I need to unexplode a column in dataframe pyspark with sequence number conditional. E.g
Input dataframe
Expect output dataframe
You can see when c1 = 1 at a row, that row will break content of c4 column into new row (because length over limit). Otherwise if when c1 = 0 then c4 contain full content, no need break into new row. c4 column can break it into multi row next
This same pyspark.sql.functions.explode(col) in pyspark, and i need to unexplode but i have a conditional is c1 column (it's not simple such as group by then collect list df.groupby().agg(F.collect_list()), because c1 is sequence conditional)
I try to use window function flow by this topic PySpark - Append previous and next row to current row. But how can i solve when c4 col break multi row next
Sample code
from pyspark.sql import SparkSession
spark_session = SparkSession.builder.getOrCreate()

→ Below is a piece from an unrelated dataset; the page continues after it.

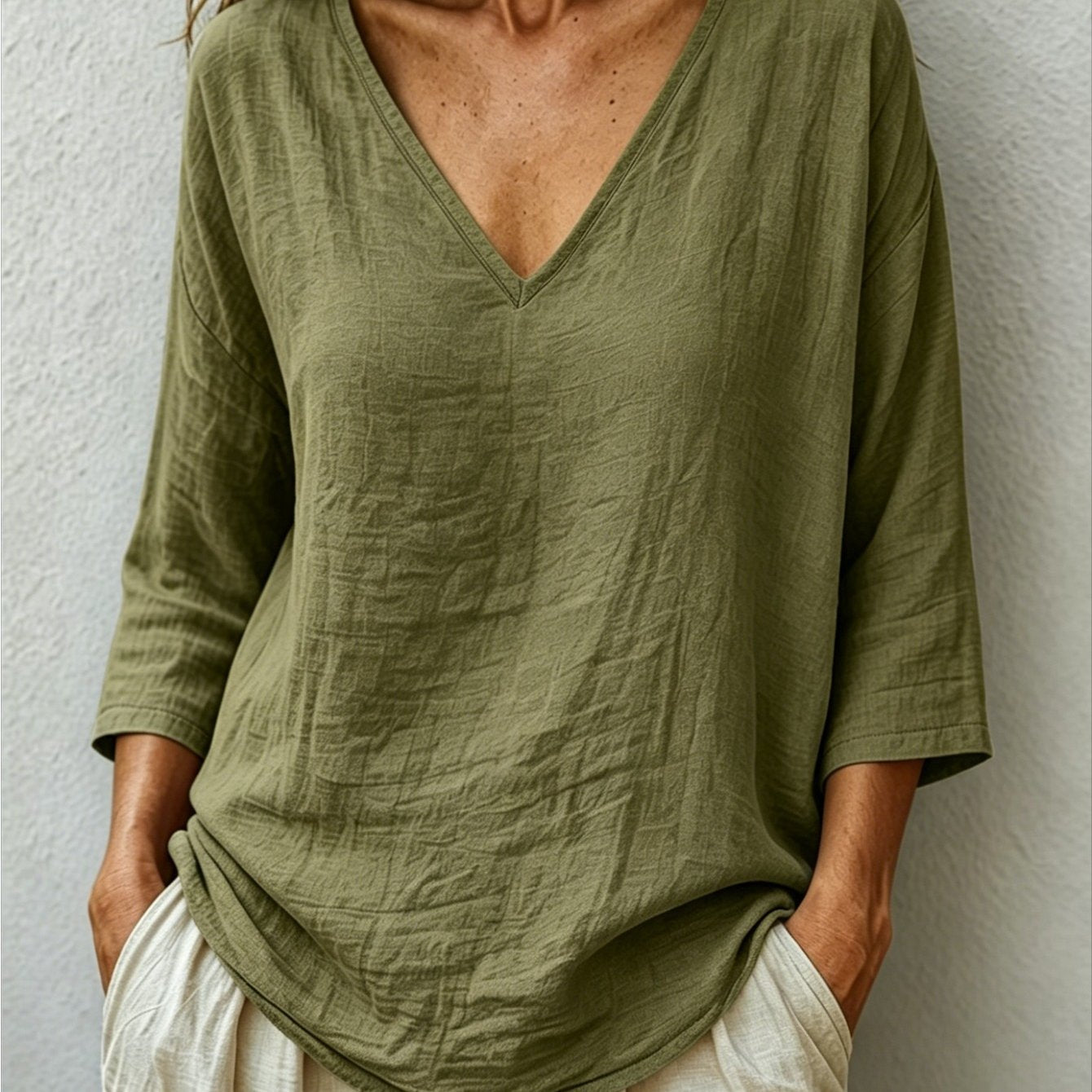 Viara | Women's Relaxed Oversized V-Neck Blouse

df_in = spark_session.createDataFrame(
[
(1, 'a', 'b', 'c1', 'd'),
(0, 'a', 'b', 'c2', 'd'),
(0, 'e', 'f', 'g', 'h'),
(0, '1', '2', '3', '4'),
(1, 'x', 'y', 'z1', 'k'),
(1, 'x', 'y', 'z2', 'k'),
(1, 'x', 'y', 'z3', 'k'),
(0, 'x', 'y', 'z4', 'k'),
(1, '6', '7', '81', '9'),
(0, '6', '7', '82', '9'),
],
['c1', 'c2', 'c3', 'c4', 'c5']
)
df_out = spark_session.createDataFrame(
[
('a', 'b', 'c1-c2', 'd'),
('e', 'f', 'g', 'h'),
('1', '2', '3', '4'),
('x', 'y', 'z1-z2-z3-z4', 'k'),
('6', '7', '81-82', '9')
],
['c2', 'c3', 'c4', 'c5']
)
df_in.show()
df_out.show()
How can i solve that. Thank you
UPDATED input
df_in = spark_session.createDataFrame(
[
('0', 1, 'a', 'b', 'c1', 'd'),
('0', 0, 'a', 'b', 'c2', 'd'),
('0', 0, 'e', 'f', 'g', 'h'),
('0', 0, '1', '2', '3', '4'),
('0', 1, 'x', 'y', 'sele', 'k'),
('0', 1, 'x', 'y', 'ct ', 'k'),
('0', 1, 'x', 'y', 'from', 'k'),
('0', 0, 'x', 'y', 'a', 'k'),
('0', 1, '6', '7', '81', '9'),
('0', 0, '6', '7', '82', '9'),
],
['c0', 'c1', 'c2', 'c3', 'c4', 'c5']
)
output
Expect output
x| y|select -from-a| k